Figure 2.35 Sketch illustrating the structural controls on depositional systems on shelf, slope, and base-

of-slope systems affected by gravity-driven tectonics. Terrestrial fluvial-delta systems in orange, sand- rich facies in yellow, deep-water fans in pale yellow, slope muds in grey, salt structures in pink. Note the complex and tortuous paths taken by slope channels around salt structures and folds. Sands can also pond in intraslope basins until the basin is filled and then channels continue down the topographic slope. Typical scale of 150 km (93 mi), modified from Mayall et al., 2010.

Clark and Cartwright (2009) reported four end-member channel interactions with structures (folds/faults) in the deep-water Nile Delta, including: deflection of channels to fold tips; diversion of channels by folds; confinement of channels between two parallel folds, and blocking of channels by folds (Fig. 2.35). The influence of flow dynamics and height of

topography at individual flow scale has been discussed above (section 2.2.2). At a system scale Mayall et al. (2010) demonstrates that a more complex interplay of characteristics can

influence channel response to topography (Fig. 2.34), including: the size, shape, and

orientation of the structure on the depositional slope; the timing and rate of structural growth compared to channel initiation and development (e.g., Morley, 2009); and the erosional power of the channel complex systems/ variation in substrate resistance to erosion (e.g., Mitchell, 2006) (Fig. 2.36). Where structures are large (e.g. diapir, salt wall or large fault) and located parallel or oblique to slope strike, channels make major diversions to continue downslope (Huyghe et al., 2004) (Fig. 2.35).

Figure 2.36 Summary figure showing the range of channel responses to growth-related seabed

bathymetry. The vertical axis goes from small structures to large structures orientated at a high angle to regional dip. The horizontal axis goes from structural growth, which predates channel development and/or low erosion of channels, through offset stacking due to growing structures to channels cutting through growing structures. Examples described in the text are plotted on this matrix. The direction of flow is shown by blue arrows except in the middle lower seismic line, where flow would be into the page (from Mayall et al., 2010).
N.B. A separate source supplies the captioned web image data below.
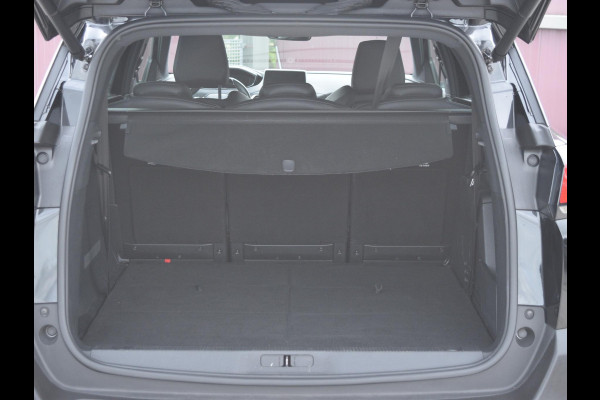 Peugeot 5008 1.2 PureTech GT-Line | 130 PK | 7-PERSOONS | LEDEREN BEKLEDING | PARKEERSENSOREN MET CAMERA | ELEKTR. ACHTERKLEP | CLIMATE CONTROL | SCHUIF-KANTELDAK
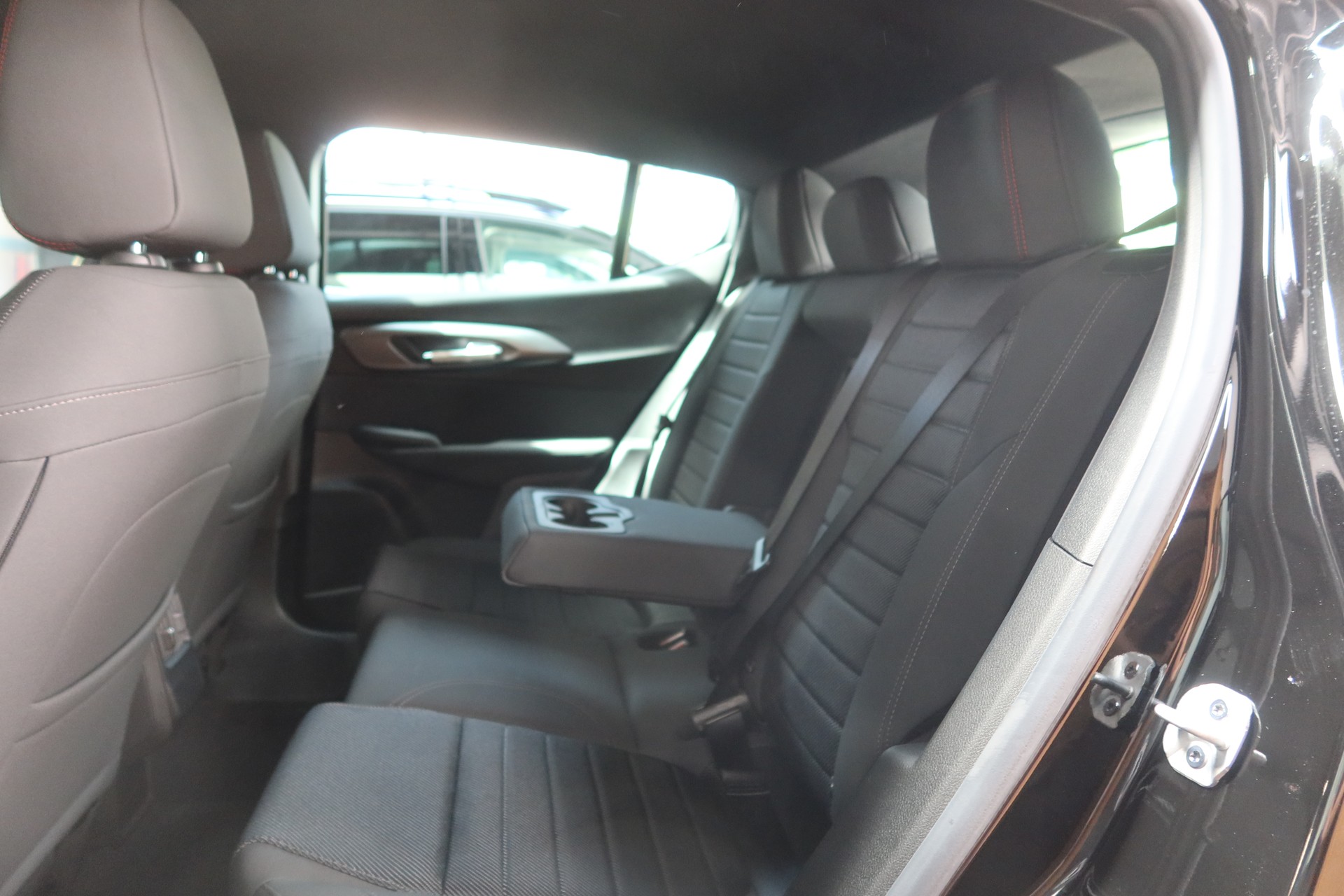 ALFA ROMEO Tonale 1.5 Hybrid Sprint-image-9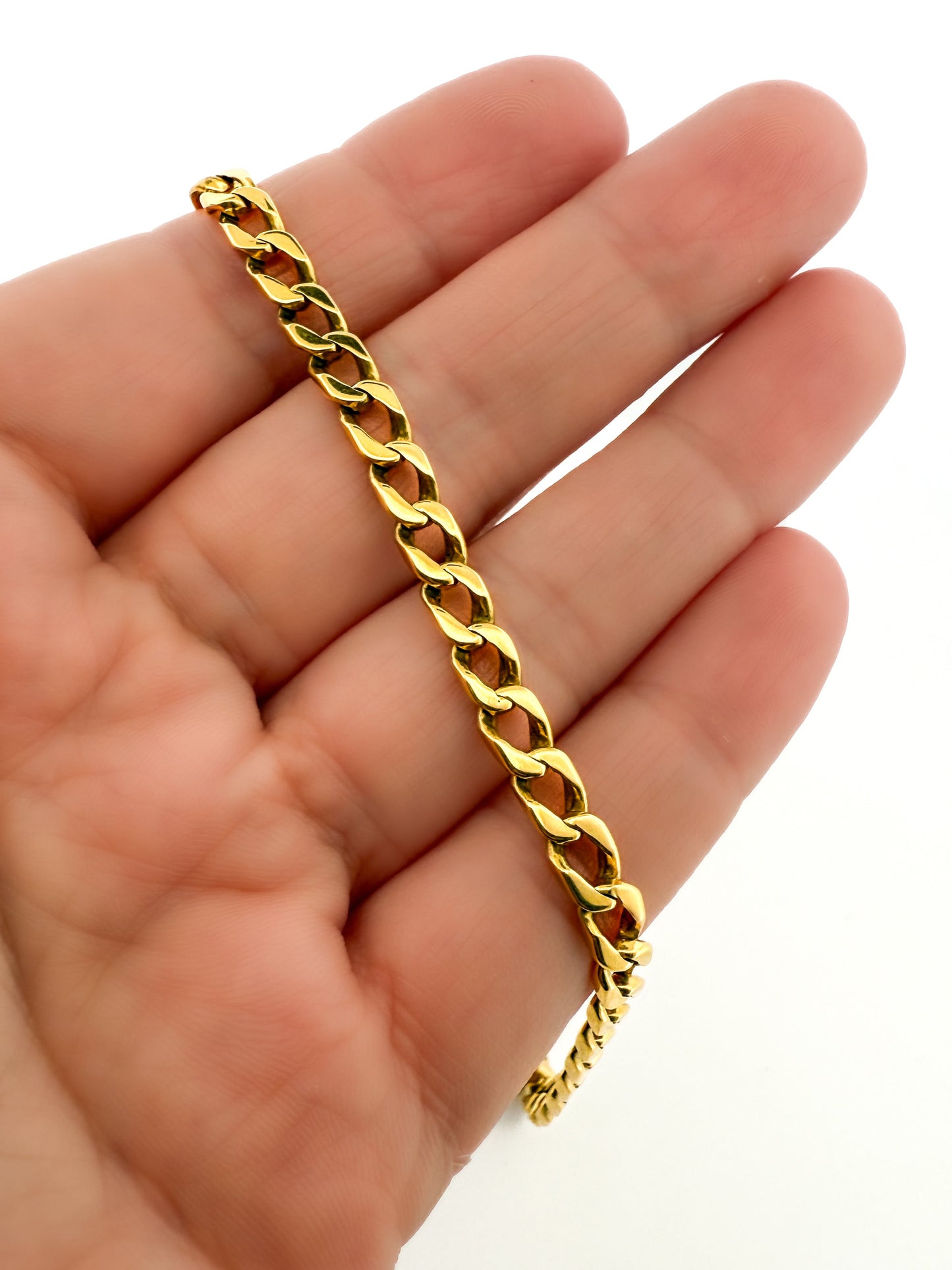 Comprar pulsera oro de 18kt con cadena tipo cubana y cierre de cajón con un brazo de seguridad. Joyas segunda mano. Joyería Ian'Or. Envío gratis.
Where a channel system traverses a part of an undeformed slope that later exhibits growth of topography a range of channel responses can be recognized depending on the rate of

structural growth and the erosive power of the flows crossing the growing structure (Fig. 2.36) (Mayall et al., 2010). Where the rate of growth of the structure is greater than the ability of a channel to erode through it, channel complex systems are deflected. When channels form prior to or at the onset of deformation the channel can appear to cut through the growing structure when the downcutting rate keeps pace with the structural growth. When structural

deformation is ongoing the erosive power of flows has been shown to be a major factor in determining channel incision across topography, with channel shear stress and flow velocity partly determining whether a channel erosion can keep pace with deformation (Jolly et al., 2017). Detailed study by Jolly et al. (2017) shows that submarine channels in the Niger Delta can keep pace with structural uplift rates of up to 70 m in 1.7 m.y., and that channel

entrenchment upstream of growing structures plays a major role in driving this process. When topography creates 3D topographic closure the ‘fill-and-spill’ model for silled sub-basins (Fig. 2.32) can be applied (Smith, 2004a).